Intensified co-precipitation and ion exchange using an agitated tubular reactor (ATR) for enhanced removal of Cs+ and Sr2+ ions

Abstract

Composite coagulants were synthesised in both a batch system and an agitated tubular reactor (ATR) using natural clinoptilolite with barite (BaSO₄) co-precipitation for the intensified simultaneous removal of Cs⁺ and Sr²⁺ ions. Ideal plug-flow characterisation of ATR was initially assessed under 3 and 5 Hz oscillations, showing pseudo plug-flow behaviour at the higher rate. Composite flocs were characterised by SEM and size analysis, while dewaterability was also studied by sedimentation and pressure filtration. Aggregate sizes were smaller, but denser and more monodisperse from the ATR than in batch.

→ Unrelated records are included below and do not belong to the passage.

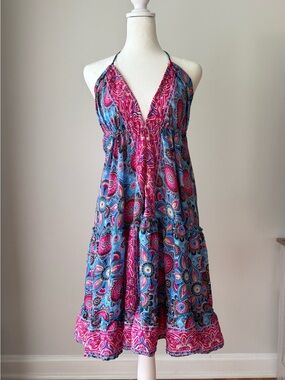 Zury Boho Halter Mini Dress One Size NWT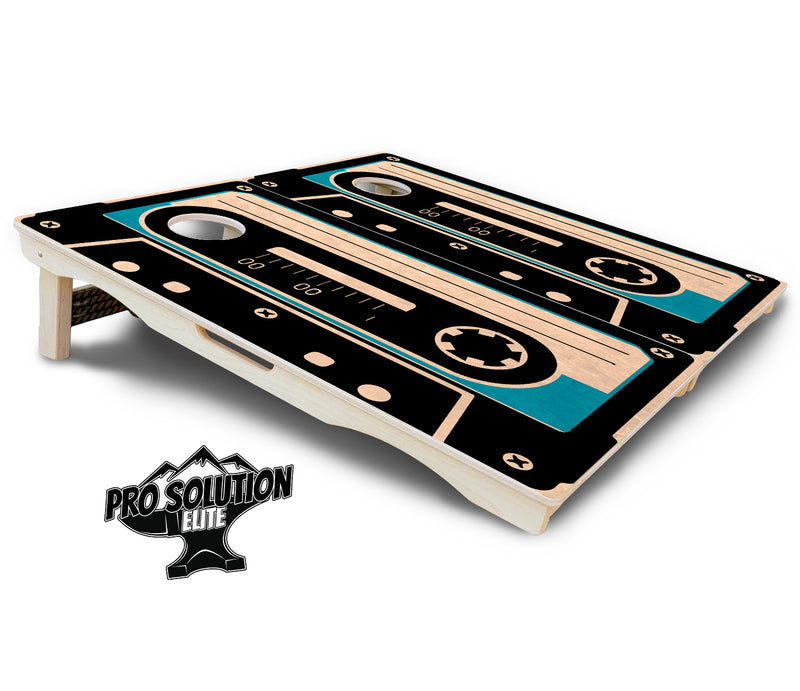 Pro Solution Elite - Cassette Tape - Professional Tournament Cornhole Boards 3/4" Baltic Birch - Zero Bounce Zero Movement Vertical Interlocking Braces for Extra Weight & Stability +Double Thick Legs +Airmail Blocker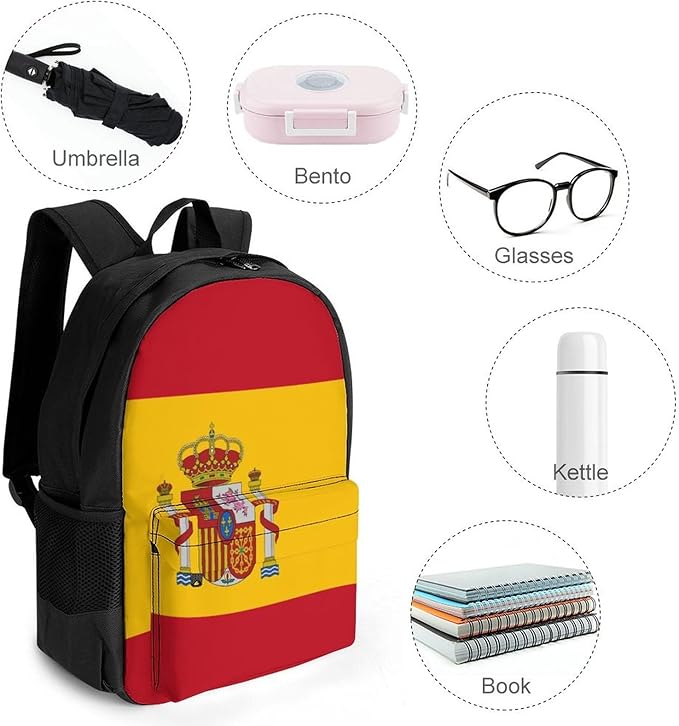 Shoulder Book Bags Anti-Theft Multipurpose Big Capacity Bookbag, Spain Flag Travel Hiking Backpack With Smooth Zippers
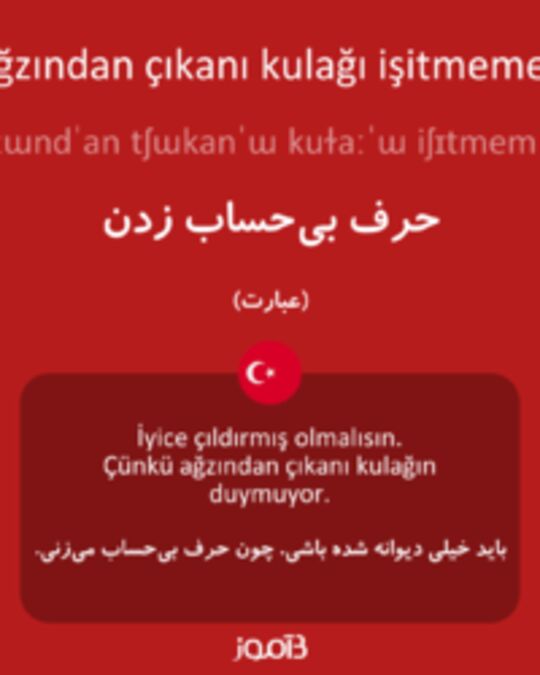  تصویر ağzından çıkanı kulağı işitmemek - دیکشنری انگلیسی بیاموز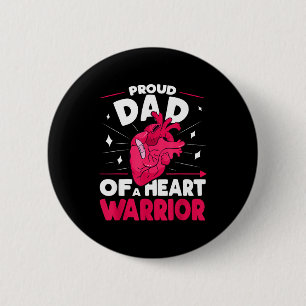 Proud Dad Of A Heart Warrior Heart Health Awarenes 6 Cm Round Badge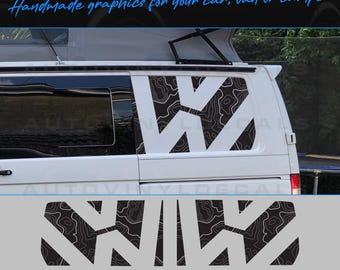 Vinilo adhesivo con gráficos topográficos para el panel trasero del Volkswagen VW T5 T6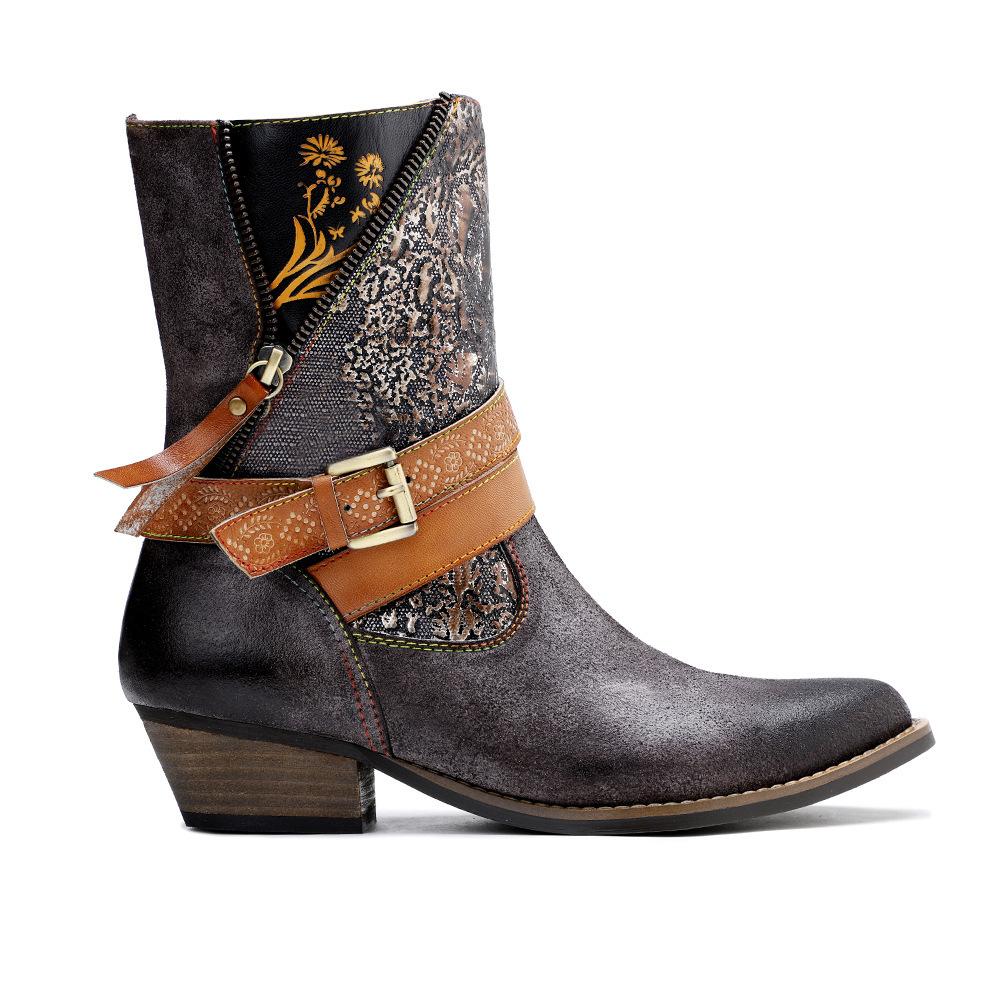 Pravá kůže Patchwork vysoké podpatky Retro reliéfní ručně malované lodičky Všestranná dámská obuv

Composite flocs also gave measured specific cake resistances > 10 × smaller than pure BaSO₄. The higher metal removal performance was achieved using the ATR for Cs⁺ (95.7%) and Sr²⁺ (99.9%) at 5 Hz oscillation. A further enhancement for Cs⁺ removal was achieved by introducing Ba²⁺ ions into ATR after Na₂SO₄ addition, achieving > 96% Cs⁺ and > 99.9% Sr²⁺ removal. Overall, this study highlights that composite flocs outperform pure BaSO₄ in Cs⁺ and Sr²⁺ ion removal while achieving greater dewaterability and filterability. Additionally, we show the ATR effectively intensified the co-precipitation process, potentially reducing plant size and cost, making it a suitable process for modular nuclear cleanup and post-management operations.